-- Records to use --

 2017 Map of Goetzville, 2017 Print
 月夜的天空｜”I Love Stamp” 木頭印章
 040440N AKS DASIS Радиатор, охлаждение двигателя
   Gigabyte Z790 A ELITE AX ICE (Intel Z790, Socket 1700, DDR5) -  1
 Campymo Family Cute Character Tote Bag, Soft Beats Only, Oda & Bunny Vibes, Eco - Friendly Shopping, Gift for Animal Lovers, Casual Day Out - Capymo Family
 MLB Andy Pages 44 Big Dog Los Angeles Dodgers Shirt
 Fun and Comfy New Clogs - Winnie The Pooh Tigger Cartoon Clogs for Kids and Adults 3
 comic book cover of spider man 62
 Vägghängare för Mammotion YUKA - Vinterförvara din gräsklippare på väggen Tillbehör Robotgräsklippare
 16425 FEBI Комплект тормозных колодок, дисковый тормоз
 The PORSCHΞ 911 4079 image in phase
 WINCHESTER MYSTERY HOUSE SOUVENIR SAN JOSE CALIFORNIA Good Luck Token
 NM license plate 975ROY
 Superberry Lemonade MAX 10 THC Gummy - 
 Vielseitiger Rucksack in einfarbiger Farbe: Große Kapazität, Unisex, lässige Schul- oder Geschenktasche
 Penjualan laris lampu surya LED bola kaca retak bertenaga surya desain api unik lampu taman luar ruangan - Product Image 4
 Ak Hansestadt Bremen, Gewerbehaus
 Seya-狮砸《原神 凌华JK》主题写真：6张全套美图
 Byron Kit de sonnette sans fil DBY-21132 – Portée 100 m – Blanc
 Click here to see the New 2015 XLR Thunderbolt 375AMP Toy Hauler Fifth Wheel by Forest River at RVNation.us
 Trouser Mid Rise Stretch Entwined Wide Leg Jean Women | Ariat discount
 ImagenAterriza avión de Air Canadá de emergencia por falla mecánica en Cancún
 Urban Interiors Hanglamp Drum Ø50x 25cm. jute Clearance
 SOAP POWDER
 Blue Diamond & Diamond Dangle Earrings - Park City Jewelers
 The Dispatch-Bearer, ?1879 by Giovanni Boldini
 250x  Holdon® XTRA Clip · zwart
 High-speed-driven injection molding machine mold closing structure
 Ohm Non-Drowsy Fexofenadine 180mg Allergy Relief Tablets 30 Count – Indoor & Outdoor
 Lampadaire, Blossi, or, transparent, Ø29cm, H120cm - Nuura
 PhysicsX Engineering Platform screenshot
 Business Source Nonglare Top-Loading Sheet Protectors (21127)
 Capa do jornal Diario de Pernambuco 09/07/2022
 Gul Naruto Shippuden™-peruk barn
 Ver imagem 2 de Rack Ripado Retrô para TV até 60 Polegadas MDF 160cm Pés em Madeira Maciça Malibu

-- Exercise prompt --
Set down, exactly and without anything extra, every line from the one that contains "Business Source Nonglare" through the final line of the material.

-- Final answer --
 Business Source Nonglare Top-Loading Sheet Protectors (21127)
 Capa do jornal Diario de Pernambuco 09/07/2022
 Gul Naruto Shippuden™-peruk barn
 Ver imagem 2 de Rack Ripado Retrô para TV até 60 Polegadas MDF 160cm Pés em Madeira Maciça Malibu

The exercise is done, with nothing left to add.